American lumber trader (c. 1798–1876)

Richard Edward Dereef (c. 1798–1876) was an African-American enslaver, lumber trader, and politician. A member of a wealthy family of mixed African and European descent, Dereef was a prominent figure in South Carolinian society but faced discrimination because of his race. He was considered one of the wealthiest African-American men in Charleston, South Carolina and served as a city alderman during the Reconstruction era.

== Biography ==
Dereef was from a wealthy, mixed-race family in Charleston. Although well-educated and wealthy, he was subject to discrimination due to his race. Unlike other freedmen, Dereef did not have to pay the Free Black Man's Tax, as he claimed Native American descent from his grandmother. In 1823 he and his cousin, John Cain, went to court and persuaded a Charleston magistrate that the Dereef and Cain families were legitimately descended from Native Americans, exempting them and their children from the tax.

He and his brother, Joseph Dereef (1802–1876), worked as wood factors. The family business operated from Dereef's Wharf. He also owned rental properties on the East Side of Charleston, and some of his tenants were white people. He was considered one of the richest black men in Charleston.

Dereef built a house in Wraggborough. He enslaved as many as 40 people. They were darker-skinned, whereas Dereef belonged to a lighter-skinned group that refused to associate with them and regarded them with disdain in every aspect of life.

Dereef served as a city alderman, having been appointed by military authorities in 1868 during the Reconstruction era. He generally allied himself with Democrats.

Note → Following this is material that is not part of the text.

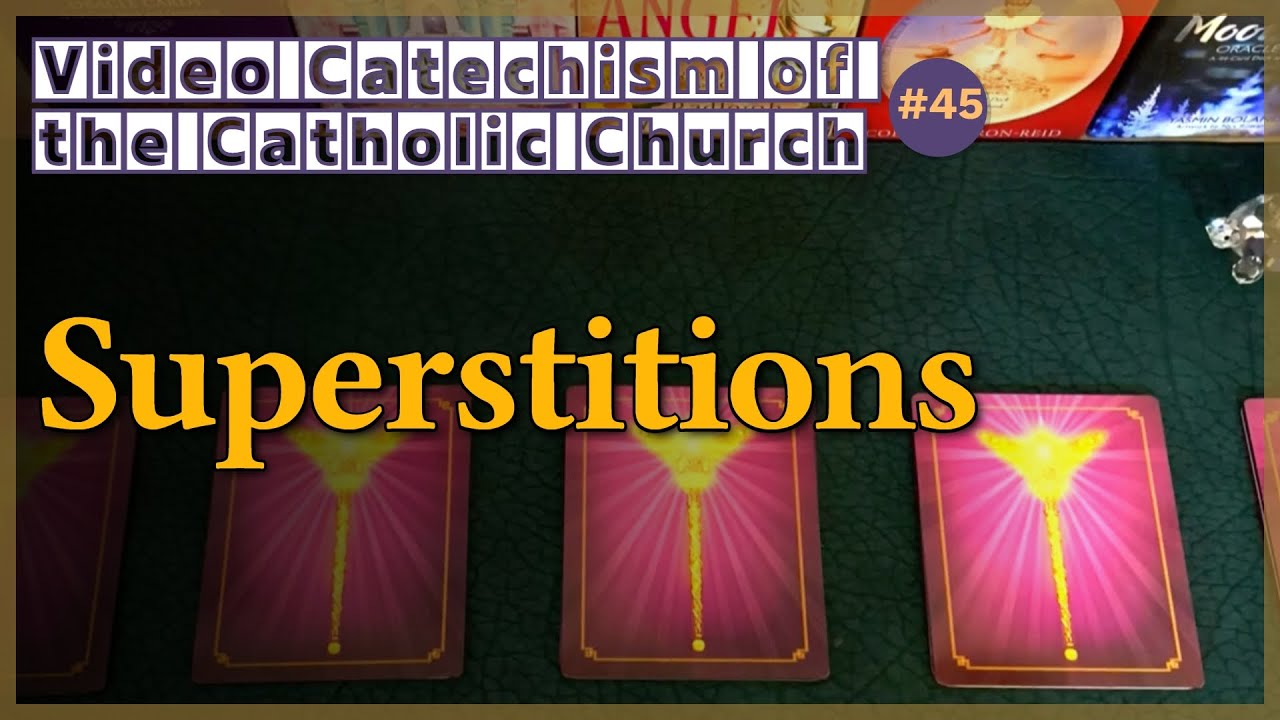 Superstitions｜Video Catechism of the Catholic Church Part.46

In 1872, he was elected to the standing committee of the Brown Fellowship Society. He left a will and testament upon his death.

== Legacy ==
Dereef Court and Dereef Park in Charleston are named after him. In 2012, Dereef Park was slated to be developed with housing units despite protests. In 2017, a compromise was reached to incorporate a park and the historic praise house along with residential development.